[ENTRIES PROVIDED]

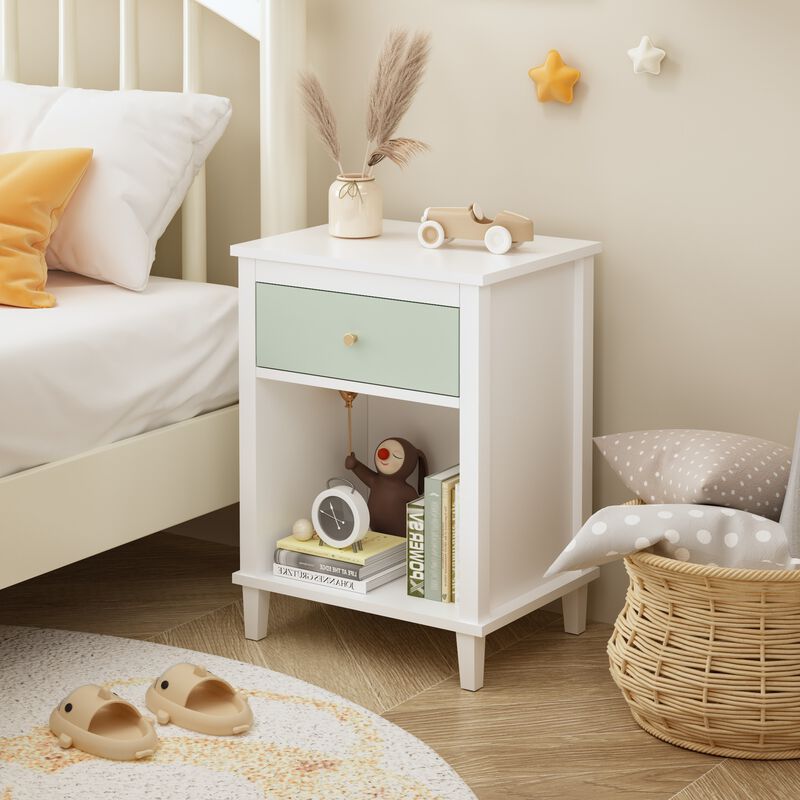 26.8" Assembled Wooden Nightstand 1-Drawer 1-Shelf for Kids Adults image number 4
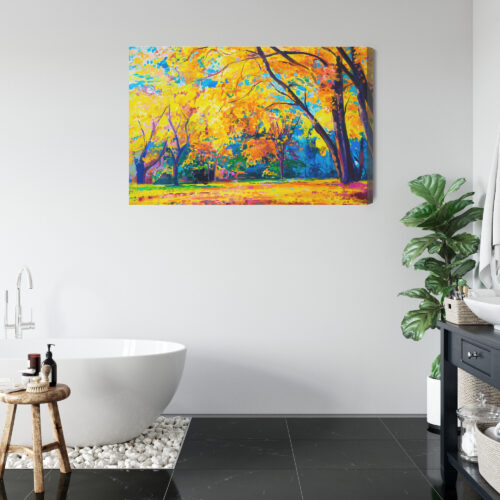 Obraz na płótnie Natura Malarstwo Jesienne drzewa  Premium Canvas - obrazek 5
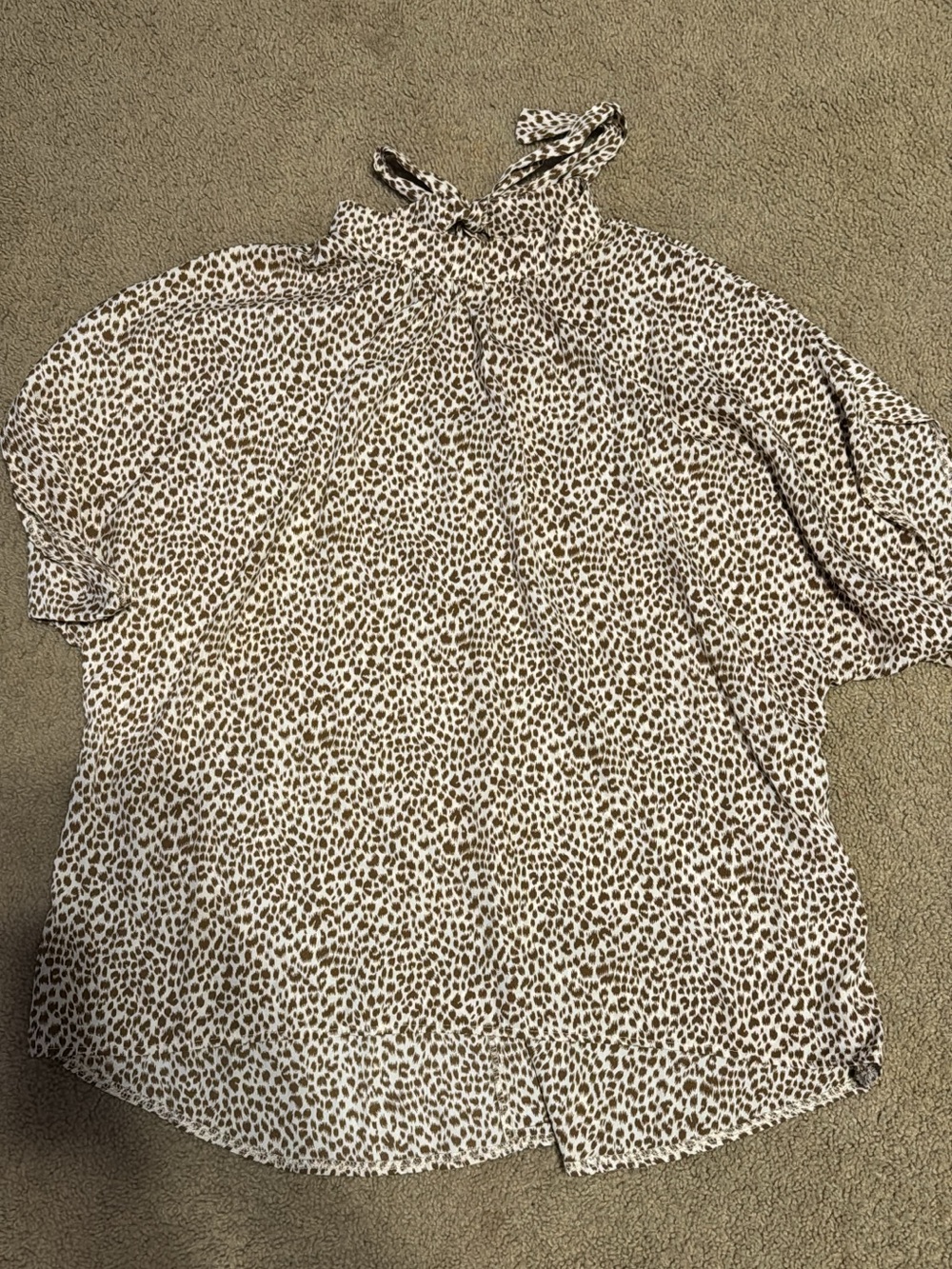 SHEIN Brown and White Animal Print Top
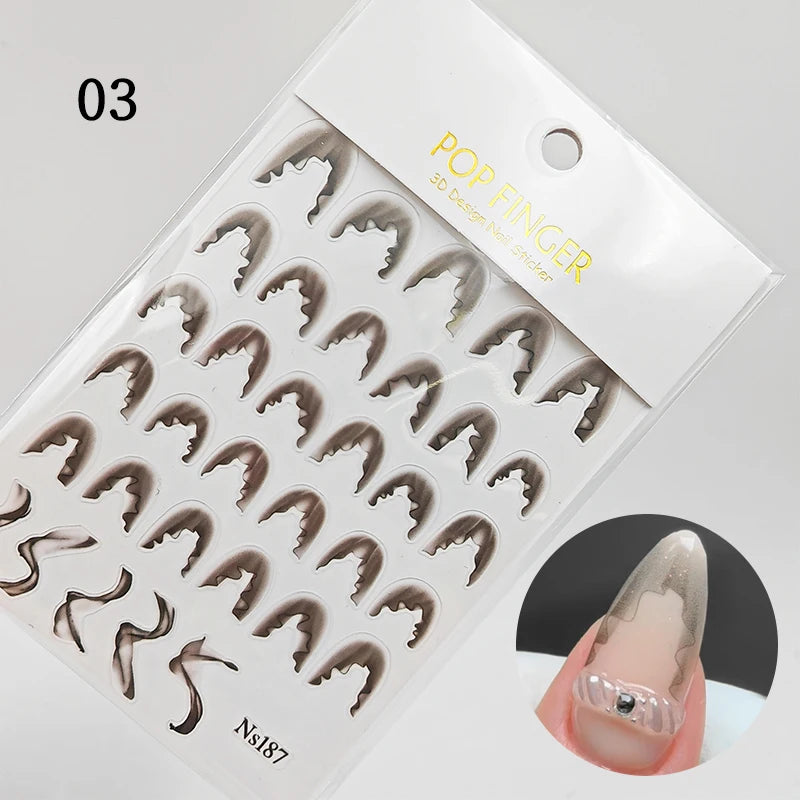 3D Schleifen Nagelsticker – Elegante Gold- & Farbbögen für French & Sommerdesigns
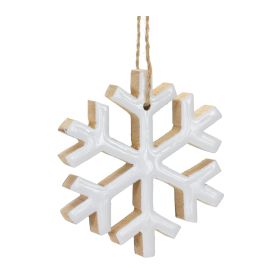 Snowflake Ornament (Set of 12) 4"H MDF (Option: White)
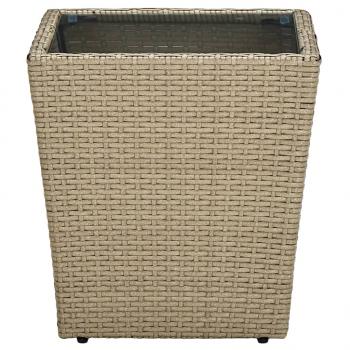 Beistelltisch Beige 41,5x41,5x44 cm Poly Rattan und Hartglas 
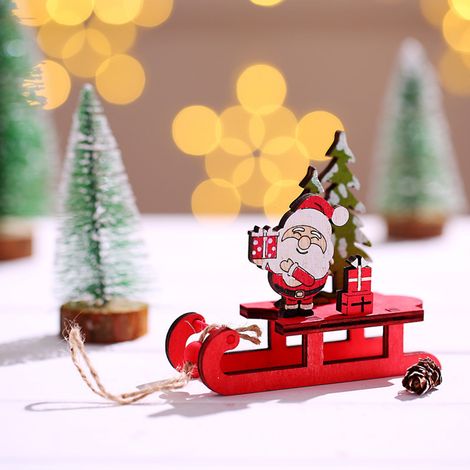 Lot de 3 décorations de Noël en bois à monter soi-même, figurines de traîneau colorées (1/4)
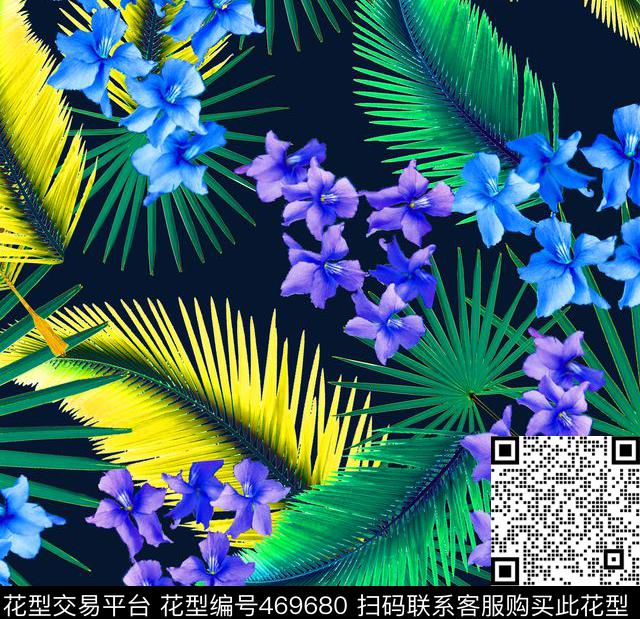 花朵热带MAX-女装数码印花华亿平台下载（图片编号: 469680） - 瓦栏（Walan）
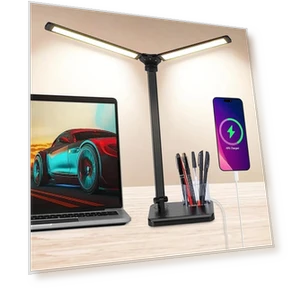 Desk Lamp with Dual Swivel Arms — Study & Desk Lighting, Chic Interiors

[/ENTRIES PROVIDED]

ACTIVITY:
Beginning with the line in which "Beistelltisch Beige 41,5x41,5x44" appears, repeat exactly each line down to the close of the material, leaving every picture out.

EXERCISE SOLUTION:
 Beistelltisch Beige 41,5x41,5x44 cm Poly Rattan und Hartglas 
 Lot de 3 décorations de Noël en bois à monter soi-même, figurines de traîneau colorées (1/4)
 花朵热带MAX-女装数码印花华亿平台下载（图片编号: 469680） - 瓦栏（Walan）
 Desk Lamp with Dual Swivel Arms — Study & Desk Lighting, Chic Interiors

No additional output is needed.